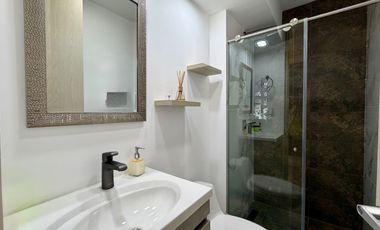 Extraordinario apartamento remodelado en Nobori con 76 m2, 3 alcobas y balcon con vista a Cerritos.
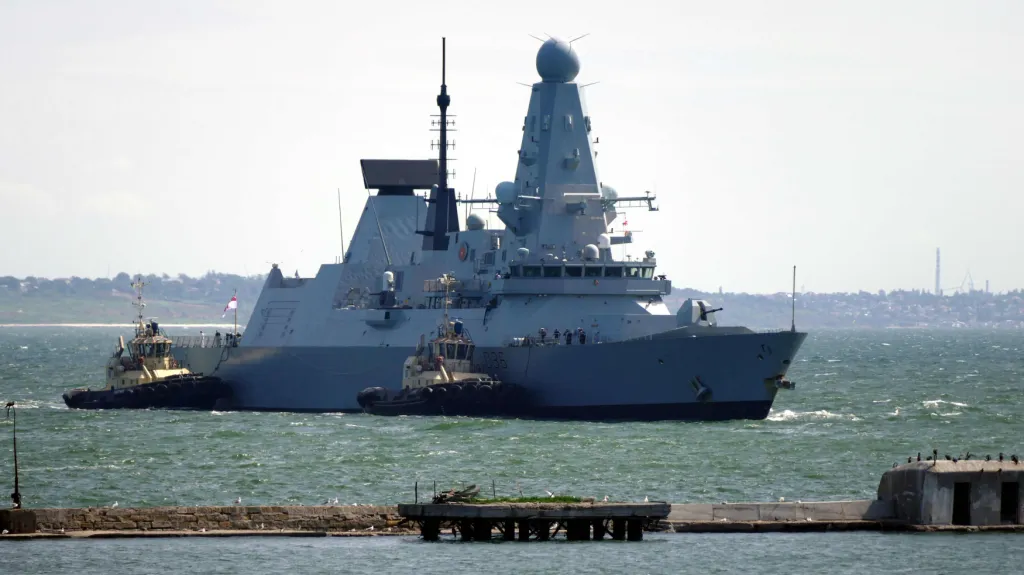 Britský torpédoborec Defender v oděském přístavu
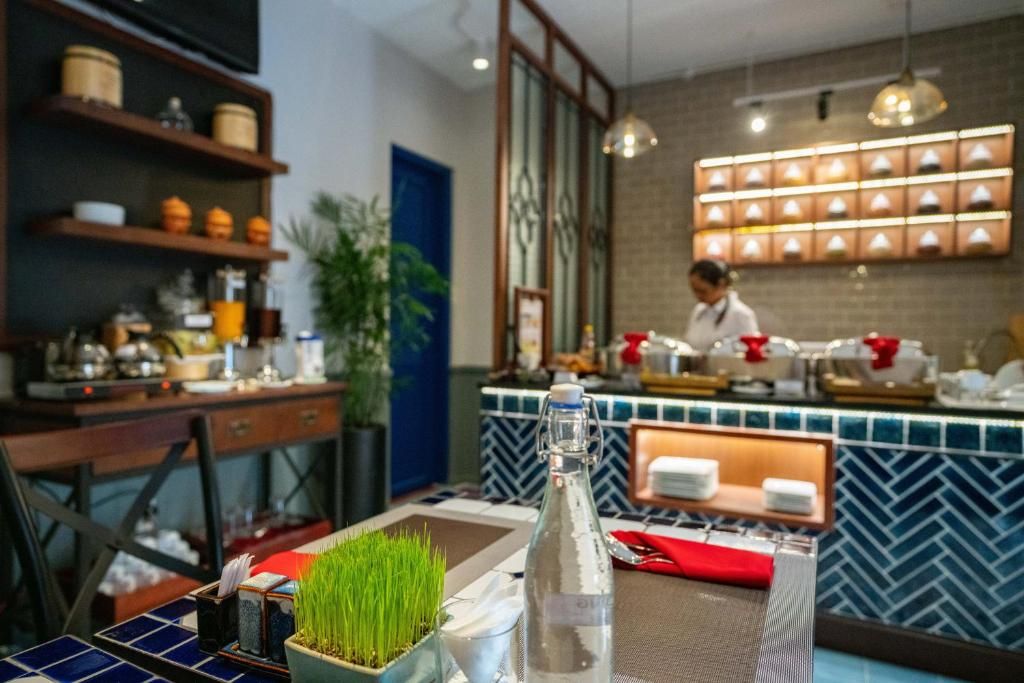 Little Saigon Boutique Hotel фото 14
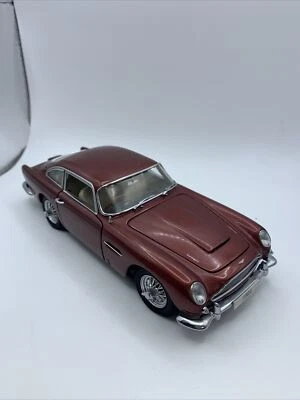 Aston Martin DB5 1964 cupé Dubonnet rojo 1/24 AA-118 Danbury como nuevo Foto 1 de 4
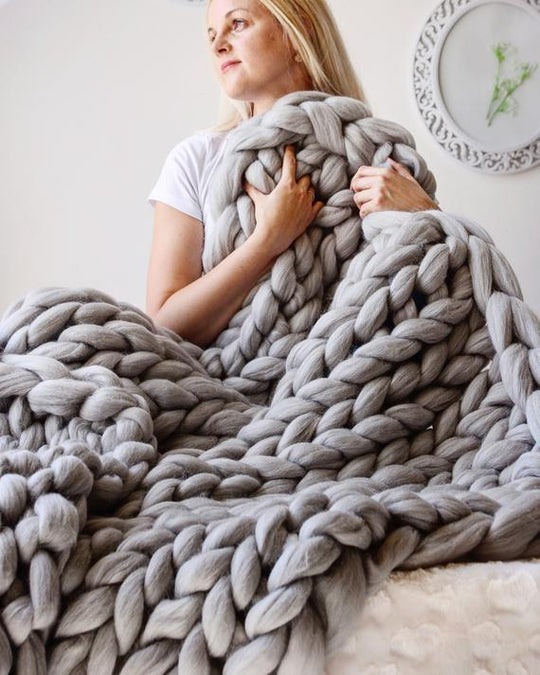 Cozy knitted blanket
--------
Work task
The data above should be restated exactly, with its images dropped.

Written answer
 Extraordinario apartamento remodelado en Nobori con 76 m2, 3 alcobas y balcon con vista a Cerritos.
 Britský torpédoborec Defender v oděském přístavu
 Little Saigon Boutique Hotel фото 14
 Aston Martin DB5 1964 cupé Dubonnet rojo 1/24 AA-118 Danbury como nuevo Foto 1 de 4
 Cozy knitted blanket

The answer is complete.